A tendency of higher indirect effect amongst adolescents being more frequently physical active was found, revealing an indirect effect of 40.3% (95% CI 0.010 to 0.021), 42.8% (95% CI 0.026 to 0.035), and 56.3% (95% CI 0.016 to 0.032) amongst adolescents being physical active 3–4 for days a week, 5–6 days a week and physical active every day, respectively. The reduction in SWL amongst the inactive adolescents was explained by an indirect effect of 33.2% (95% CI −0.177 to −0.133), whereas the majority of the association was explained by the direct path (66.8%) between inactivity and SWL. The opposite directions of indirect and direct effect amongst adolescents being physical active 1–2 days a week, made interpretation not feasible based on our assumptions and was therefore not included in Table 5.

4 Discussion

In this study, our aim was to describe PA, self-efficacy, and SWL among Norwegian adolescents, and to explore the relationship between PA and SWL with self-efficacy as a potential mediator. Our descriptive findings underscored that girls reported lower levels of PA, self-efficacy, and SWL than boys. Regression analyses revealed that the associations between PA levels and SWL were mediated by self-efficacy, with the highest indirect effect mediating the association between those adhering to PA recommendations and SWL. These findings suggest that higher life satisfaction among physically active adolescents can be explained by an increase in self-efficacy, while lower life satisfaction among inactive adolescents can be explained by a decrease in self-efficacy.

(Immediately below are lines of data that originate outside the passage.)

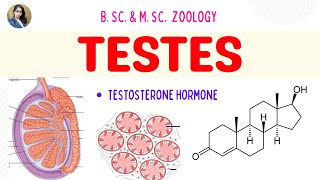 Gonads  Testes  B Sc and M Sc  Zoology [upl. by Gnem]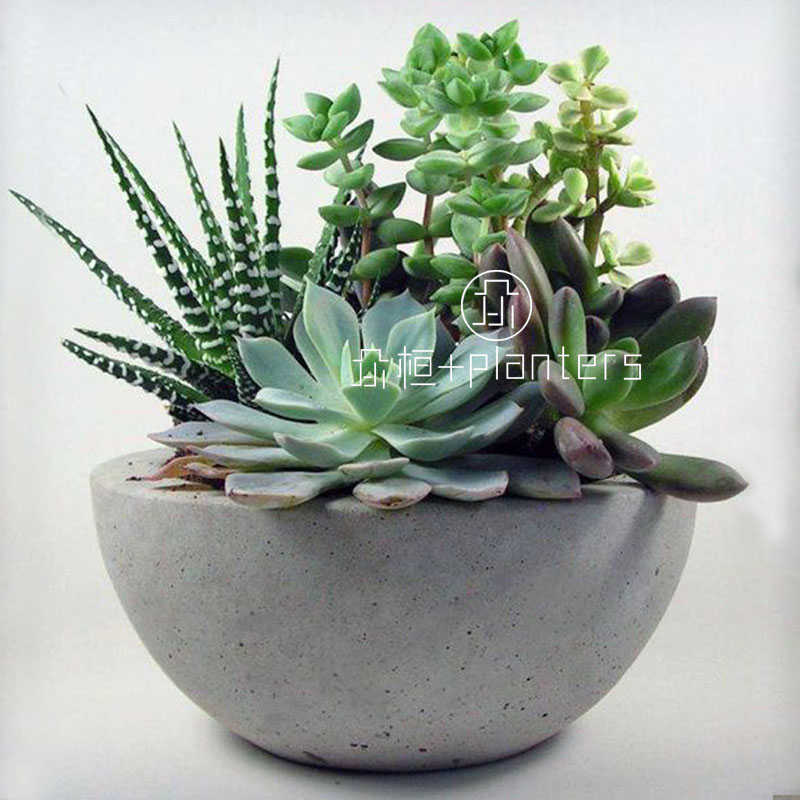 众桓花盆碗状水泥盆圆盆水培土培专用多肉植物荷花专用镁泥盆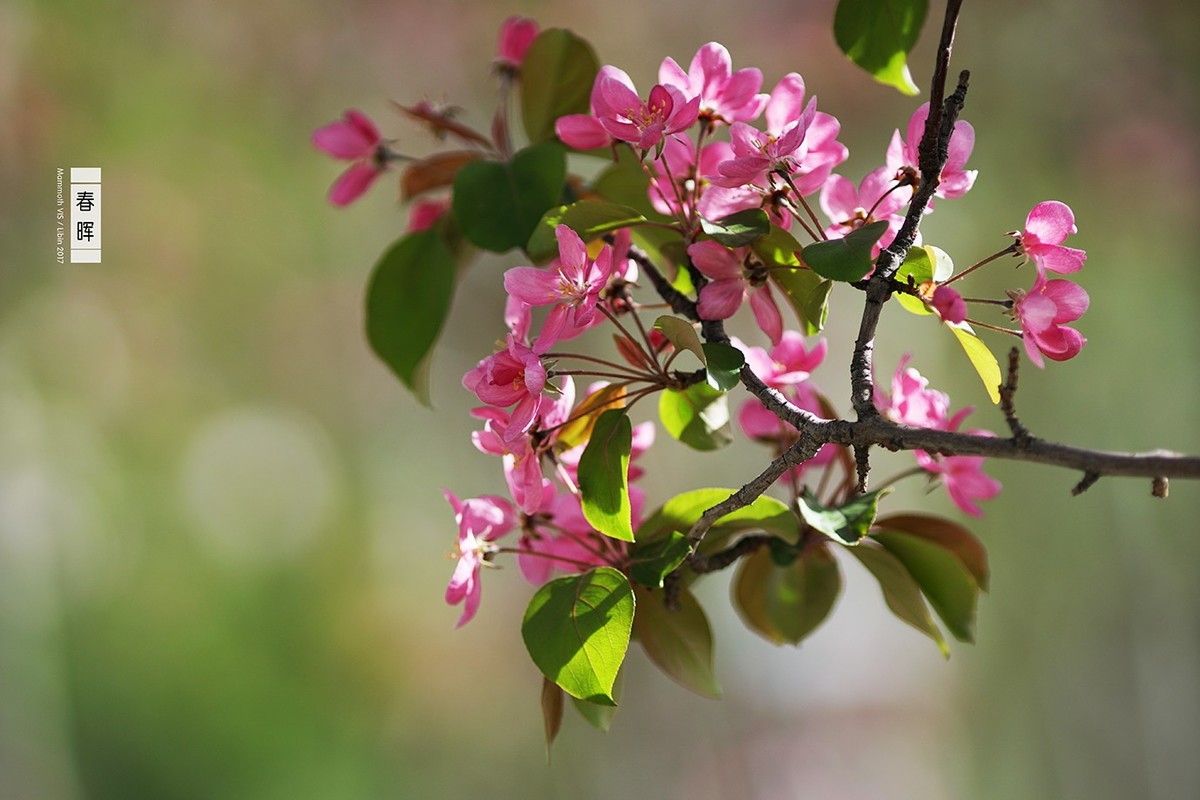 入手一年多，A6300拍的杂片。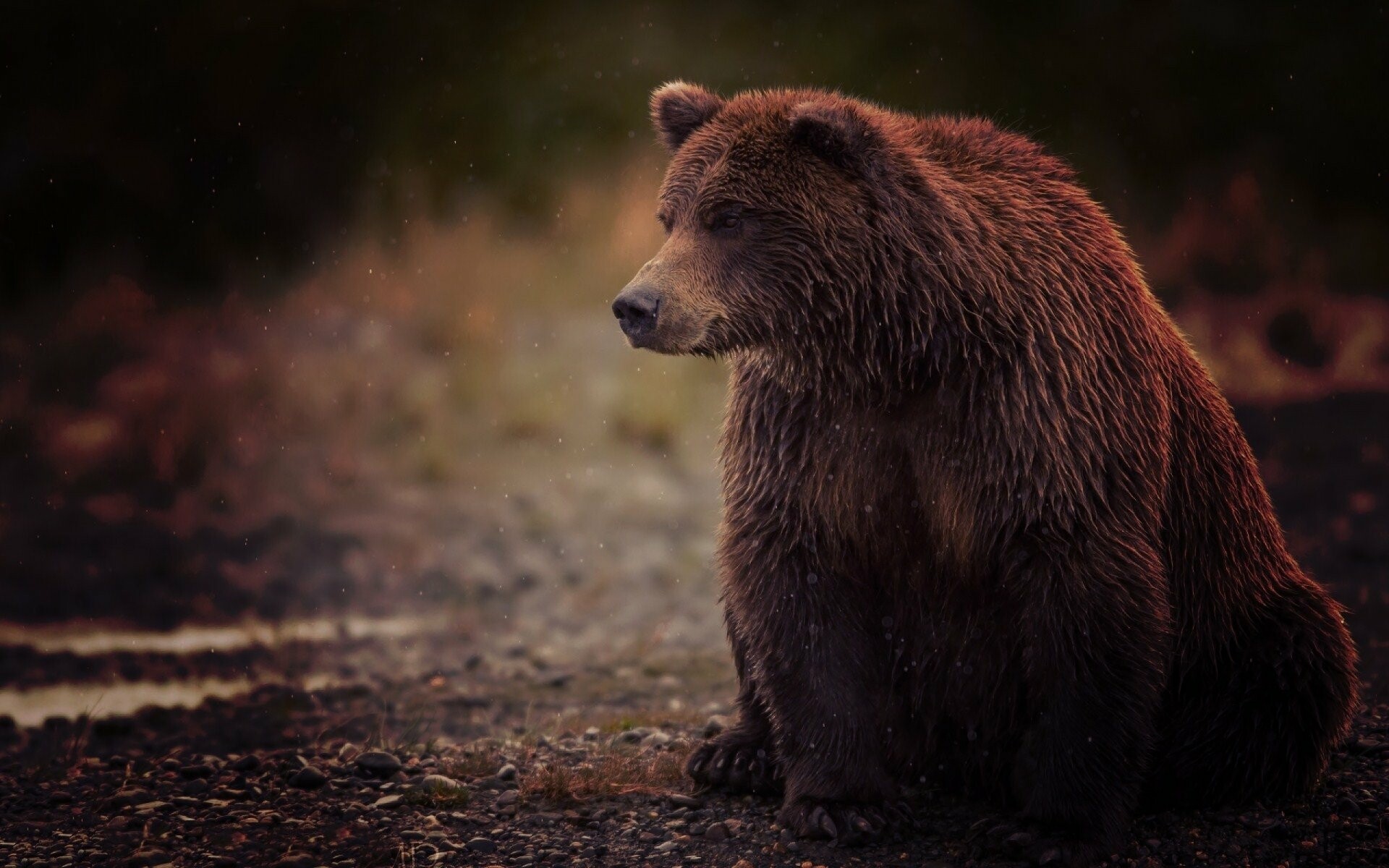 Majestic bears, Powerful creatures, Wildlife photography, Nature's wonders, 1920x1200 HD Desktop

Our findings revealed that most Norwegian adolescents failed to meet PA recommendations, which aligns with previous global findings (8, 56). However, a notable difference in prevalence across countries and cultures has been reported, although lower PA levels among girls compared to boys seems to be consistent (56). Previous findings across Europe have reported about two-thirds of European adolescents being inadequately physically active (57). In Norway, Steene-Johannessen and colleagues revealed that about half of 15-year-old adolescents adhered to PA recommendation, assessed with objective accelerometer measures (58). Furthermore, a recently published study based on Norwegian Ungdata material from 2017 to 2021 revealed PA adherence ranging from 15% to 30% in adolescents, with girls consistently exhibiting lower adherence to PA recommendations compared to boys (9). As hypothesized, our study also unveiled that girls report lower PA levels than boys, with the highest relative differences in the most active category of minimum 60-min of daily physical activity.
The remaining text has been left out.